As scandal surrounding the Vatican Bank grows and grows, Der Spiegel looks back at the its recent history of extreme sketchiness:
Whereas Benedict XVI and his predecessors have preached humility and ethical financial dealings from the window overlooking St. Peter’s Square, his confidants working directly beneath the papal windows have continued to pursue shady financial transactions.
The Vatican has yet to divulge the business practices its bank has been using for decades. “There is fear that, owing to the transparency necessary today, one will find something in the past that one doesn’t want to,” says Marco Politi, a Rome-based Vatican expert.
Such things could include a complex system of ghost accounts and shell companies like the bank had when Archbishop Paul Casimir Marcinkus was its head in the 1980s. At the time, the bank did business involving foreign currency and weapons with the Milanese banker Robert Calvi and the mafia financier Michele Sidona — and helped launder illegal proceeds the mafia earned from drug-trafficking as well as bribes paid to Christian-conservative Italian politicians.
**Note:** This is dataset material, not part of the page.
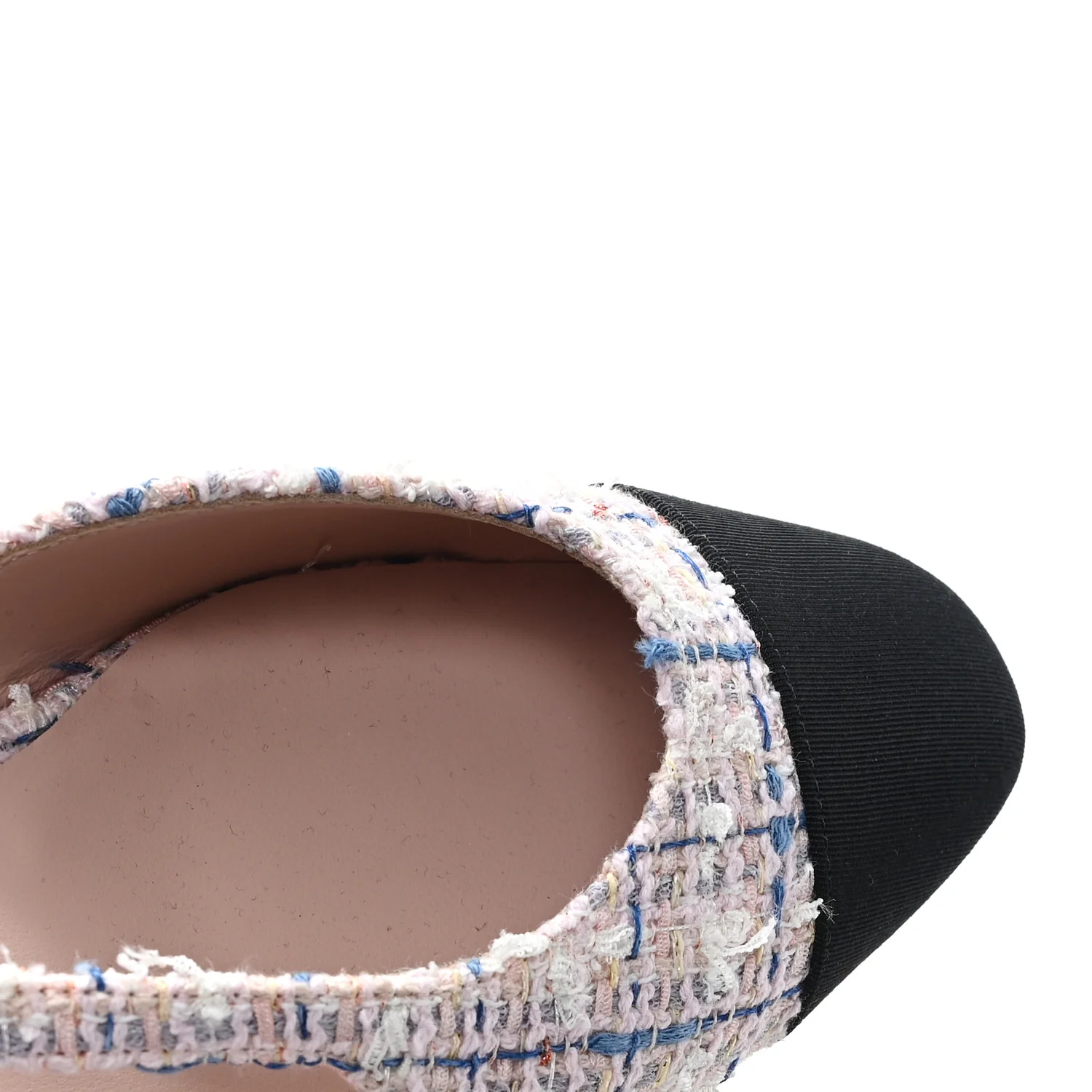 Tweed Grosgrain Cap Toe CC Slingback Flat 38.5 Pink Multicolor - Image 10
Under Monsignor Angelo Caloia, Marcinkus’ successor as head of the bank, the Vatican consistently expanded its money-laundering activities. While he was in charge, there were secret accounts such as that for Giulio Andreotti, the controversial former Italian prime minister. On an almost weekly basis, Caloia would bring suitcases into the Vatican full of donations from Italian companies in the form of cash and securities. There, the origin of the money would be obscured using accounts such as the one with the number 001-3-14772-C owned by the nonexistent “Cardinal Spellman Foundation.” Likewise, relief organizations were founded with nice-sounding names masking the identity of their true beneficiaries.